## EXERCISE DETAILS:
Type out all the records once more, exactly.

Saved entries:

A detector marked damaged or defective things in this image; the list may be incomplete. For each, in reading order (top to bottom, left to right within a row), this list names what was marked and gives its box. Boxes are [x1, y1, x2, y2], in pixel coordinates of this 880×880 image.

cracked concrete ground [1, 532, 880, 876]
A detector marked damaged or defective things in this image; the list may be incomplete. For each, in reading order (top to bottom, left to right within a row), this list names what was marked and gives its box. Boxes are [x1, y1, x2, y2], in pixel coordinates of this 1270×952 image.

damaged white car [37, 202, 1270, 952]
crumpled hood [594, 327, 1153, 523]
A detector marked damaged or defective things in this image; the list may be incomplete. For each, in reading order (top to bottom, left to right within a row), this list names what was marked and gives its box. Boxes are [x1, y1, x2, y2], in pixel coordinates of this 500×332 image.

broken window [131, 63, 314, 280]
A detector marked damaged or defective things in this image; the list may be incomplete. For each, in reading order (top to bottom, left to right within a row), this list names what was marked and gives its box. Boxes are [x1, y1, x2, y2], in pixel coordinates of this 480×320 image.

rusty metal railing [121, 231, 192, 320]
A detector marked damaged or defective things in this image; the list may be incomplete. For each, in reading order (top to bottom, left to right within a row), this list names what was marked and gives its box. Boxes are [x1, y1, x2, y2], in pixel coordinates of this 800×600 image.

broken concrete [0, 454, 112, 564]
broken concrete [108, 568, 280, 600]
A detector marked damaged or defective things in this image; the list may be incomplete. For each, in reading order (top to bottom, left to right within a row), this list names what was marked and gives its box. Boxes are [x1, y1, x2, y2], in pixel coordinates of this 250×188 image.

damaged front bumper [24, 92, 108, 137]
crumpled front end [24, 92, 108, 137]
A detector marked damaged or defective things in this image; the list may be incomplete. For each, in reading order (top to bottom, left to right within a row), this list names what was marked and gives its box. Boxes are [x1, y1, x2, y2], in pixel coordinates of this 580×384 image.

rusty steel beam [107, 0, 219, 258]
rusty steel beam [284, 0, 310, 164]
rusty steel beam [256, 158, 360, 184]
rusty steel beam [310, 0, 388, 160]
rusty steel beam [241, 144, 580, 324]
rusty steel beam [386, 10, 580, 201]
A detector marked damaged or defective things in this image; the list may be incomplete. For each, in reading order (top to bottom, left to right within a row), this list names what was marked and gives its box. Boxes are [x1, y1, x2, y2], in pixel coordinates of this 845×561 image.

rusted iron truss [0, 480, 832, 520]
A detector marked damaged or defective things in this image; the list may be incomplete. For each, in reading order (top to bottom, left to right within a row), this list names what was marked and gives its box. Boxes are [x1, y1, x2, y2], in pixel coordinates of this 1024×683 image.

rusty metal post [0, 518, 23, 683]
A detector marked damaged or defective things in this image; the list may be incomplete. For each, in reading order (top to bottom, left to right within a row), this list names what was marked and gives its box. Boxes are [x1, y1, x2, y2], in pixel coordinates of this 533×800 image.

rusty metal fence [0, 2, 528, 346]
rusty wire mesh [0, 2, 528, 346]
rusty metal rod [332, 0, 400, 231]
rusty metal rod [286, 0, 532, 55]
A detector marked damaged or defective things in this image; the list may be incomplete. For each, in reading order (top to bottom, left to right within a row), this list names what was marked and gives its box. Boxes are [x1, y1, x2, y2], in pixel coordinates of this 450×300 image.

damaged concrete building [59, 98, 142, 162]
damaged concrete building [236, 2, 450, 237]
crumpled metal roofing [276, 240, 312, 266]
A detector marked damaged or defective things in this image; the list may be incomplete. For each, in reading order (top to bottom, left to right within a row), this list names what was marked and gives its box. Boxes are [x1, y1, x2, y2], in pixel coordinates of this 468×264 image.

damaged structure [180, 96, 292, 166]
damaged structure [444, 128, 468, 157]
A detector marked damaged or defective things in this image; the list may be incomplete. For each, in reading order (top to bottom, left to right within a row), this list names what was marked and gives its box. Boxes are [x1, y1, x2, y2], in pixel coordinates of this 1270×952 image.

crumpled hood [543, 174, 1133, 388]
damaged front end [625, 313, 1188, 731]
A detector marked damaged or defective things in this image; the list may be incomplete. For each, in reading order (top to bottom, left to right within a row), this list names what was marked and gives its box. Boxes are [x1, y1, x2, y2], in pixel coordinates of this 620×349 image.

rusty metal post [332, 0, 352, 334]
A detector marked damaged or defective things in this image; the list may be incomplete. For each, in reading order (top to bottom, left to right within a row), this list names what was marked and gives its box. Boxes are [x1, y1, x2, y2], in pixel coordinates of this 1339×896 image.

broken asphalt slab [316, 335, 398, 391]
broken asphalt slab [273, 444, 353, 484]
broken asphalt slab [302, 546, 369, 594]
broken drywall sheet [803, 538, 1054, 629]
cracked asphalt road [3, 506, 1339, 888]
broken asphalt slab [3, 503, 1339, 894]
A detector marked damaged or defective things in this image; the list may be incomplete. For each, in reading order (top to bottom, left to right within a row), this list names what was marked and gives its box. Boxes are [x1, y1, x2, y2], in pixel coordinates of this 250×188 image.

## WRITTEN RESPONSE:
A detector marked damaged or defective things in this image; the list may be incomplete. For each, in reading order (top to bottom, left to right within a row), this list names what was marked and gives its box. Boxes are [x1, y1, x2, y2], in pixel coordinates of this 880×880 image.

cracked concrete ground [1, 532, 880, 876]
A detector marked damaged or defective things in this image; the list may be incomplete. For each, in reading order (top to bottom, left to right within a row), this list names what was marked and gives its box. Boxes are [x1, y1, x2, y2], in pixel coordinates of this 1270×952 image.

damaged white car [37, 202, 1270, 952]
crumpled hood [594, 327, 1153, 523]
A detector marked damaged or defective things in this image; the list may be incomplete. For each, in reading order (top to bottom, left to right within a row), this list names what was marked and gives its box. Boxes are [x1, y1, x2, y2], in pixel coordinates of this 500×332 image.

broken window [131, 63, 314, 280]
A detector marked damaged or defective things in this image; the list may be incomplete. For each, in reading order (top to bottom, left to right within a row), this list names what was marked and gives its box. Boxes are [x1, y1, x2, y2], in pixel coordinates of this 480×320 image.

rusty metal railing [121, 231, 192, 320]
A detector marked damaged or defective things in this image; the list may be incomplete. For each, in reading order (top to bottom, left to right within a row), this list names what was marked and gives its box. Boxes are [x1, y1, x2, y2], in pixel coordinates of this 800×600 image.

broken concrete [0, 454, 112, 564]
broken concrete [108, 568, 280, 600]
A detector marked damaged or defective things in this image; the list may be incomplete. For each, in reading order (top to bottom, left to right within a row), this list names what was marked and gives its box. Boxes are [x1, y1, x2, y2], in pixel coordinates of this 250×188 image.

damaged front bumper [24, 92, 108, 137]
crumpled front end [24, 92, 108, 137]
A detector marked damaged or defective things in this image; the list may be incomplete. For each, in reading order (top to bottom, left to right within a row), this list names what was marked and gives its box. Boxes are [x1, y1, x2, y2], in pixel coordinates of this 580×384 image.

rusty steel beam [107, 0, 219, 258]
rusty steel beam [284, 0, 310, 164]
rusty steel beam [256, 158, 360, 184]
rusty steel beam [310, 0, 388, 160]
rusty steel beam [241, 144, 580, 324]
rusty steel beam [386, 10, 580, 201]
A detector marked damaged or defective things in this image; the list may be incomplete. For each, in reading order (top to bottom, left to right within a row), this list names what was marked and gives its box. Boxes are [x1, y1, x2, y2], in pixel coordinates of this 845×561 image.

rusted iron truss [0, 480, 832, 520]
A detector marked damaged or defective things in this image; the list may be incomplete. For each, in reading order (top to bottom, left to right within a row), this list names what was marked and gives its box. Boxes are [x1, y1, x2, y2], in pixel coordinates of this 1024×683 image.

rusty metal post [0, 518, 23, 683]
A detector marked damaged or defective things in this image; the list may be incomplete. For each, in reading order (top to bottom, left to right within a row), this list names what was marked and gives its box. Boxes are [x1, y1, x2, y2], in pixel coordinates of this 533×800 image.

rusty metal fence [0, 2, 528, 346]
rusty wire mesh [0, 2, 528, 346]
rusty metal rod [332, 0, 400, 231]
rusty metal rod [286, 0, 532, 55]
A detector marked damaged or defective things in this image; the list may be incomplete. For each, in reading order (top to bottom, left to right within a row), this list names what was marked and gives its box. Boxes are [x1, y1, x2, y2], in pixel coordinates of this 450×300 image.

damaged concrete building [59, 98, 142, 162]
damaged concrete building [236, 2, 450, 237]
crumpled metal roofing [276, 240, 312, 266]
A detector marked damaged or defective things in this image; the list may be incomplete. For each, in reading order (top to bottom, left to right within a row), this list names what was marked and gives its box. Boxes are [x1, y1, x2, y2], in pixel coordinates of this 468×264 image.

damaged structure [180, 96, 292, 166]
damaged structure [444, 128, 468, 157]
A detector marked damaged or defective things in this image; the list may be incomplete. For each, in reading order (top to bottom, left to right within a row), this list names what was marked and gives its box. Boxes are [x1, y1, x2, y2], in pixel coordinates of this 1270×952 image.

crumpled hood [543, 174, 1133, 388]
damaged front end [625, 313, 1188, 731]
A detector marked damaged or defective things in this image; the list may be incomplete. For each, in reading order (top to bottom, left to right within a row), this list names what was marked and gives its box. Boxes are [x1, y1, x2, y2], in pixel coordinates of this 620×349 image.

rusty metal post [332, 0, 352, 334]
A detector marked damaged or defective things in this image; the list may be incomplete. For each, in reading order (top to bottom, left to right within a row), this list names what was marked and gives its box. Boxes are [x1, y1, x2, y2], in pixel coordinates of this 1339×896 image.

broken asphalt slab [316, 335, 398, 391]
broken asphalt slab [273, 444, 353, 484]
broken asphalt slab [302, 546, 369, 594]
broken drywall sheet [803, 538, 1054, 629]
cracked asphalt road [3, 506, 1339, 888]
broken asphalt slab [3, 503, 1339, 894]
A detector marked damaged or defective things in this image; the list may be incomplete. For each, in reading order (top to bottom, left to right within a row), this list names what was marked and gives its box. Boxes are [x1, y1, x2, y2], in pixel coordinates of this 250×188 image.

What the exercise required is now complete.